Un día Mafalda contó a Susanita: "Anoche soñé que mi mamá había estudiado una carrera." "¿Y había ido a la facultad y todo?", preguntó; "claro", respondió Mafalda; "¿Y había conseguido novio?", "¿novio?, ¡no!", dijo Mafalda, "¿así que había ido a la facultad y nada?", preguntó Susanita decepcionada. Ésta que nos cuenta el Discípulo Amado es una historia de las que seguro gustaría mucho Susanita. Es, por donde se vea, una historia de amor. Y amor del bueno. La historia de una mujer que es exactamente lo mismo que el cántaro que carga por la vida: maltrecho, llevado y traído, descascarado, vacío; de barro. Y llega hasta el escenario donde antiguamente se comenzaban los noviazgos: el pozo. Para ella ya quedaron lejos los días en los que iba con ilusiones al pozo, muy de mañana, con el resto de las doncellas, antes de que el sol cayera pesado como loza. Pero ahora es prácticamente una mujer pública y debe salir por agua a medio día, a cambiar por agua el hastío sobre su vida.
 
Cuando llega al pozo de Jacob, se encuentra con Jesús, y ahí tiene lugar una escena inaudita, un diálogo imposible en la lógica de aquel tiempo y del nuestro: no es sólo que él sea judío y ella samaritana, que él sea varón y ella sea mujer, hablando en un espacio público, sino que él, la Palabra de Dios por la que todo fue hecho, venga a decirle a la mujer que le dé de beber.

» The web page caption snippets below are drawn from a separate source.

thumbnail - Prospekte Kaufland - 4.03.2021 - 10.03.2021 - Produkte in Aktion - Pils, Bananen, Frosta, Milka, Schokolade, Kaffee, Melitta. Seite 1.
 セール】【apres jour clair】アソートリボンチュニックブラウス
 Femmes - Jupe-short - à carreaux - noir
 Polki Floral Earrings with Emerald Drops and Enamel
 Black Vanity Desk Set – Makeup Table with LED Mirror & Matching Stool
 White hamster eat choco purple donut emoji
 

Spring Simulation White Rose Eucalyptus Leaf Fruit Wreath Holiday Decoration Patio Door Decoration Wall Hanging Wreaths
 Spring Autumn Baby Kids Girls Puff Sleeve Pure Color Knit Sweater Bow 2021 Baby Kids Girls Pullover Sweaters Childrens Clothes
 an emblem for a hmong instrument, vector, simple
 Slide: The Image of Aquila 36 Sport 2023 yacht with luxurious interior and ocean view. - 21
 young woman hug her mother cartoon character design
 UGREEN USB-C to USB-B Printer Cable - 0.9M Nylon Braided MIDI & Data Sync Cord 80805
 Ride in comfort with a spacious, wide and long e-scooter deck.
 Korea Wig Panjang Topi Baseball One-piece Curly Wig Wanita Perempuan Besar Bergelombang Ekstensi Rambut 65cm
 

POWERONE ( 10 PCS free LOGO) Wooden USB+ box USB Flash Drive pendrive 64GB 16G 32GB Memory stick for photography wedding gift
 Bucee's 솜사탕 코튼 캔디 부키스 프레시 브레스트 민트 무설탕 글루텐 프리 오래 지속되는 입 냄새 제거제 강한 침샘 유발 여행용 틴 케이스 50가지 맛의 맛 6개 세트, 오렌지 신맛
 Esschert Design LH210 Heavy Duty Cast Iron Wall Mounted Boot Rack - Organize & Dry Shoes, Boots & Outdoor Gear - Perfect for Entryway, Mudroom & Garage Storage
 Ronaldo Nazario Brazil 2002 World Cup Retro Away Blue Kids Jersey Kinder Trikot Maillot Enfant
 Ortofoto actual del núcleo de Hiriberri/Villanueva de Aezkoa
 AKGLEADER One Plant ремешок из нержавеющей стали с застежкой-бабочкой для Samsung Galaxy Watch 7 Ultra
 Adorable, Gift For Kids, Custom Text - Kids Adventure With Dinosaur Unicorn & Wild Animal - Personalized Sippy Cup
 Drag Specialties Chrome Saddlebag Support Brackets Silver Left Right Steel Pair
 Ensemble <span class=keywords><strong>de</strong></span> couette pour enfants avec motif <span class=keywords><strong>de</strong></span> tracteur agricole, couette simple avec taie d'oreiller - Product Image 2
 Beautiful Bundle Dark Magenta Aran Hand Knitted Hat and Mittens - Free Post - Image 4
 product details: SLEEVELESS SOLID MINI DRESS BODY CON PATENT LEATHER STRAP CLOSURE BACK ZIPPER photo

Es lo inaudito de que Dios tenga necesidad del ser humano. Y ahí, donde comienzan los noviazgos, sobre la base de una necesidad compartida, la sed de agua, él hace que ella hable de la sed de su corazón, y le suplica que le comparta de esa agua que en su interior se convertirá en un manantial de vida eterna. "El alma es un vaso que sólo se llena con la eternidad", escribió un día Amado Nervo.
 
Él le pide que llame a su marido; el sexto, con el que vive actualmente. No importa mucho si aquí la narración está jugando con las palabras, y si Jesús y la samaritana están hablando de ídolos -de falsos dioses- o de maridos. Lo que importa es que seis veces ha entregado el corazón a hombres o fetiches que no le han dado vida ni alegría, y la han dejado como su cántaro. Ahí en el pozo está con el séptimo hombre, con el que será el Amor perfecto. El séptimo hombre, el verdadero esposo, la séptima vasija de las bodas de Caná, la vasija y el novio que convirtió el agua en vino de fiesta.
 
Se fue al pueblo a comunicar la maravilla, la buena noticia de su nueva experiencia y del hombre que vino a renovar su vida y a llenarla de plenitud. Y mientras ella volvía al pueblo como misionera, los discípulos de Jesús se reunieron de nueva cuenta con el Maestro. Y el Maestro les habló en parábolas de aquella mujer. Les pidió levantar la mirada y ver los campos listos ya para la cosecha. El agua viva de Jesús había fecundado una tierra que antes había estado tan seca que era incapaz de dar frutos, una tierra muerta en la que finalmente pudo germinar la semilla de vida y plenitud que Dios había sembrado en el corazón reseco de aquella mujer.
 
Ella se fue, pero dejó su cántaro junto a Jesús, como queriendo no separarse nunca más de él, como recordando que en Jesús Dios había tocado el barro de la humanidad, como no queriendo volver a vaciarse, como queriéndose llenar una y otra vez del agua que en el interior se convierte en manantial de vida eterna; como esperando la hora, otra vez la hora del medio día, en que Jesús, clavado en la cruz, vuelva a tener sed y ella le ofrezca la fidelidad de su cántaro, como esperando la hora en que del costado abierto del Señor brote el agua y el Espíritu. Como esperando la hora nueva de la resurrección, en que el agua nuevamente se convierta en vino, en el vino mejor de las bodas del Cordero, la hora en la que el Señor nos diga a nosotros, su Iglesia, su esposa engalanada, que nos levantemos y vayamos a Él, que el invierno ha acabado, que atrás quedaron los días de hastío y sequedad, los días de frío y muerte en el corazón, que atrás quedaron los días del amor mendigado a cuentagotas; que las viñas en flor ya exhalan su perfume y con su perfume adornan la plenitud de la vida y del amor.
 
Poner el corazón junto a Jesús como se pone el cántaro junto al pozo, para que, desbordados por el agua de vida y de amor del Señor, como canta Sabina, no nos compren por menos de nada, que no nos vendan amor sin espinas, que el fin del mundo nos pille bailando, que cada noche sea noche de bodas y que todas las lunas sean lunas de miel.